Elinor was active from about 1899 to 1929. Before she married, Elinor Monsell was one of the illustrators that worked with W. B. Yeats, whom she met in 1899 at Coole Park. He appreciated her woodcuts, and asked her to create a logo for the Abbey Theatre. She created a pearwood engraving of a romantic image of Queen Maeve with one of her wolfhounds that appeared on the Abbey Theatre programmes beginning in 1904. She created the cover for Stephen Gwynn's The Fair Hills of Ireland, which was published in 1906. In 1907 Dun Emer Press's first pressmark was a wood engraving that she made of Lady Emer beside a tree.
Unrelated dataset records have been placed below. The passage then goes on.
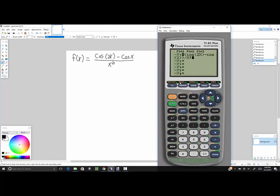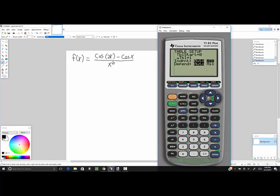Now I want to go to my table setup. So I do second window. Where it says independent, you want that to say ask. So you down arrow to that line and right arrow and do enter on ask.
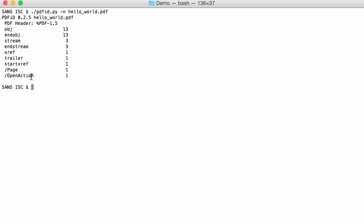There's nothing special about this document. The only thing that stands out here is the OpenAction. OpenAction is often used in malicious PDF documents, for example, to start JavaScript upon opening or to visit a URL upon opening.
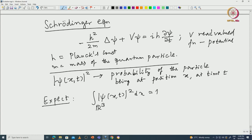If initially the wave function satisfies this normalization, it should hold for all t. This means we should expect a unitary operator — that is already hidden in this physical statement.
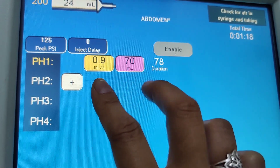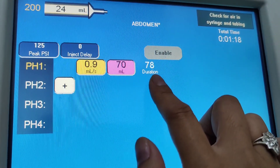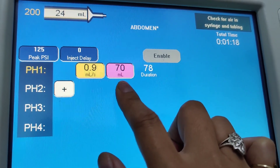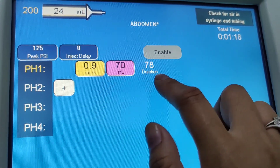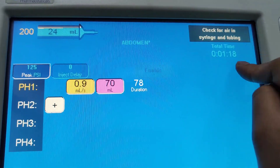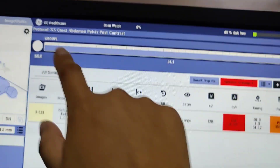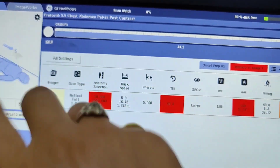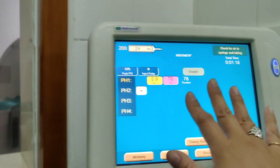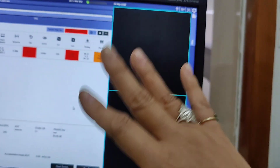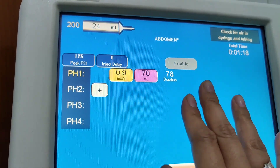If I leave that there, it's going to be too long. At that amount of contrast and that flow rate, it's showing 78 seconds — which is 1 minute and 18 seconds — and that's too long because our scan time is going to finish at 60 seconds. So if you push go on the CT machine and go on this at the same time, the scan will already be done before the contrast finishes. This means we're too slow.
She illustrated some of her husband's books for children, such as the Tale Of Mr. Tootleoo, Every Idle Dream, and Mr. Tootleoo and Company. Her illustrations, and those of J.B. Yeats and William Orpen, were included in the Second Annual Volume of The Shanachie, an "Irish Miscellany Illustrated" which included works be many Irish writer, including W. B. Yeats, Stephen Gwynn, Lady Gregory and George Bernard Shaw.

Darwin taught her husband's cousin Gwen Raverat engraving.

Her paintings A Doorway, Child with Toy Bird, and The Annunciation were exhibited in 1913 at the Whitechapel Exhibition of Irish Art in London. She painted a portrait of poet and author Aubrey Thomas De Vere when he was 87 years old.